Purim: A Celebration of Textuality
(כו) עַל־כֵּ֡ן קָֽרְאוּ֩ לַיָּמִ֨ים הָאֵ֤לֶּה פוּרִים֙ עַל־שֵׁ֣ם הַפּ֔וּר עַל־כֵּ֕ן עַל־כׇּל־דִּבְרֵ֖י הָאִגֶּ֣רֶת הַזֹּ֑את וּמָֽה־רָא֣וּ עַל־כָּ֔כָה וּמָ֥ה הִגִּ֖יעַ אֲלֵיהֶֽם׃
(26) For that reason these days were named Purim, after pur. In view, then, of all the instructions in the said letter and of what they had experienced in that matter and what had befallen them,
In his 1994 article, Reading and Carnival: On the Semiotics of Purim (Poetics Today, Vol. 15, No. 1, pp. 55-74), the late Harold Fisch (1923-2001), Professor of English and Comparative Literature at Bar-Ilan University, describes the significance of reading, textuality in the practice of the reading of the Megillah as the central ritual of the holiday of Purim.
"[T]he Book of Esther is itself full of acts of writing and reading... It is thus a scroll about scrolls, about their writing and the reading. And this is emphasized in the ritual by the expressive gesture of lifting up the scroll from which one is reading at the words 'al ken 'al kol dibrey ha'iggeret hazzot (therefore because of all the words of this letter [9:26]), "this letter" being taken as the very document from which one is actually reading. One celebrates an occasion marked by the centrality of written records with a reading-performance in which one reads what is written about reading what is written. From this point of view, the Purim ritual seems self-referential to an extreme degree...."

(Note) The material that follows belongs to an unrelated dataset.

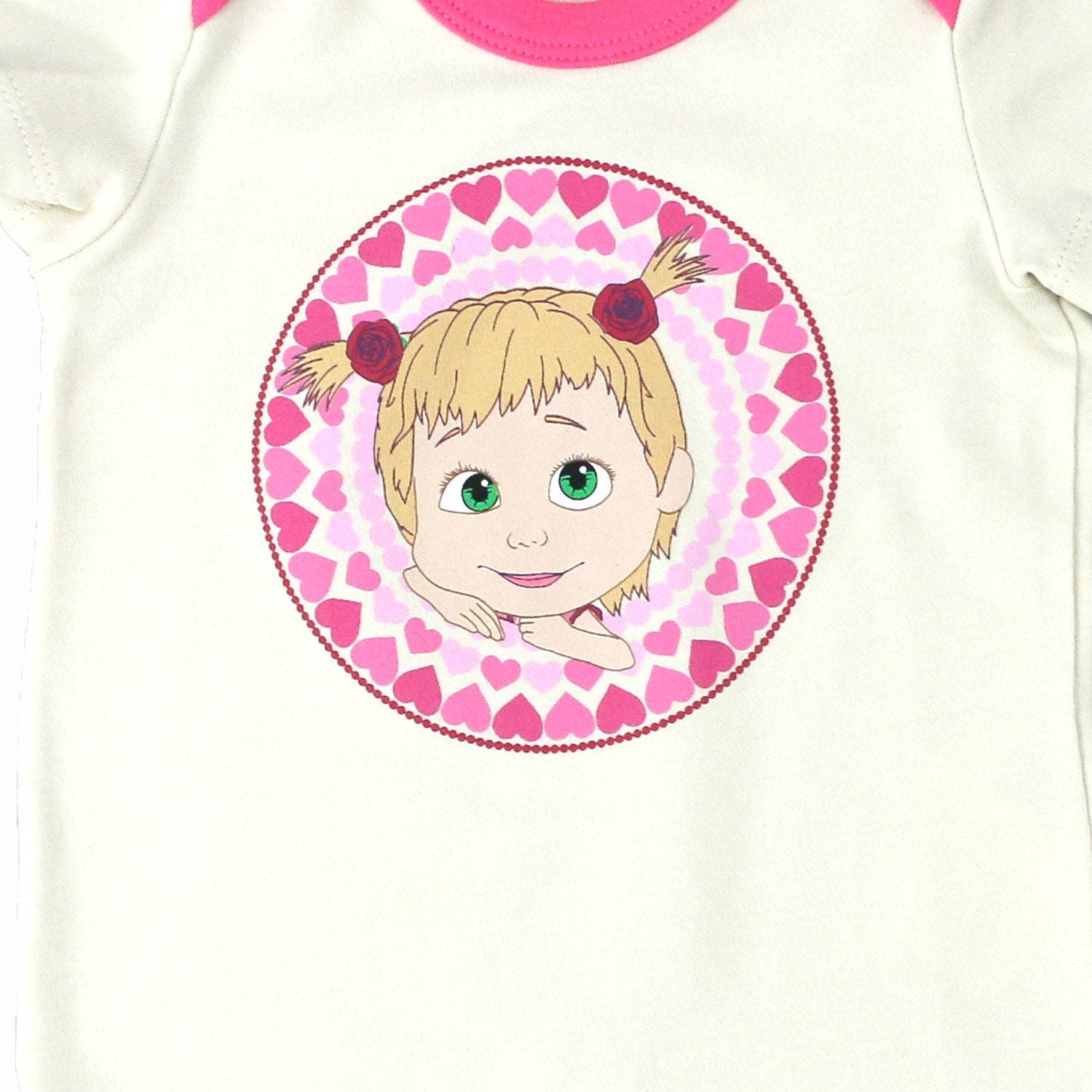 Masha and The Bear Long Sleeve Baby Bodysuit
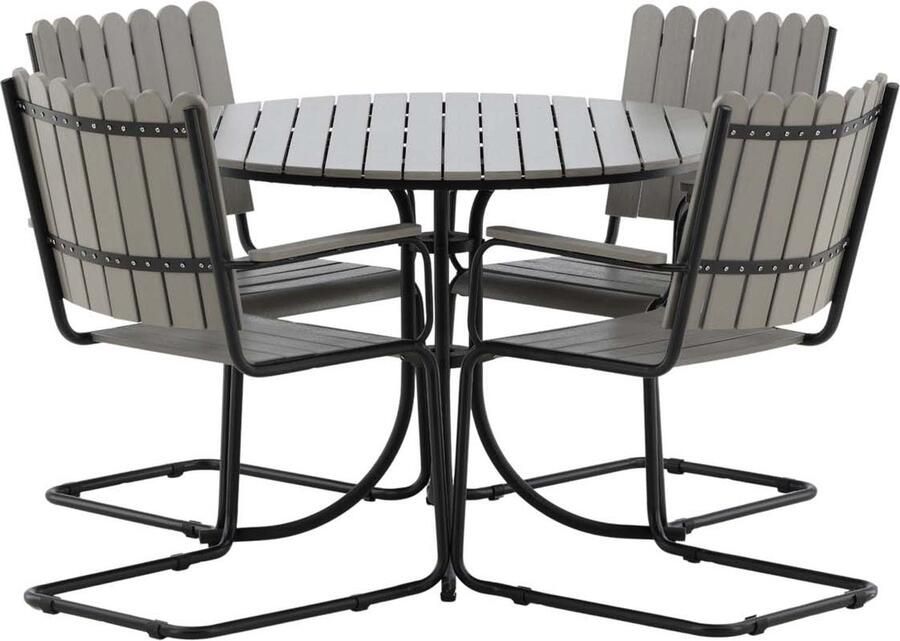 Hioshop Holmsund tuinmeubelset tafel Ø103cm grijs 4 stoelen grijs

"Recognition of the scroll by the rabbis thus evidently followed from its enormous appeal for the people (see Zeitlin 1931: 133). It is not difficult to see what attracted them. They were obviously fascinated by the marvelous story, with its humor, suspense, colorfulness, skillful repetitions, and elevated diction of royal pomp and power-diction which becomes self-parodying when that pomp and power are exposed as foolishness. And then there is the wonderfully ironic turnabout when Mordecai, dressed in the royal regalia and riding the horse, is conducted by Haman through the main square of Shushan. This is not just the triumph of Mordecai; it is the triumph of language. We need look no further for a sign that Esther is an inspired text than the fact that it so powerfully inspires its readers and auditor. Not surprisingly, the celebration of Purim is a celebration of textuality, and the rabbis were surely responding to popular demand when they placed the reading of the scroll at the very heart of the celebration, thereby confirming from "above" what had been accepted "below." Purim is only secondarily a festival of eating and drinking, of masquerade and misrule; it is above all and before all a celebration of the joy of the text."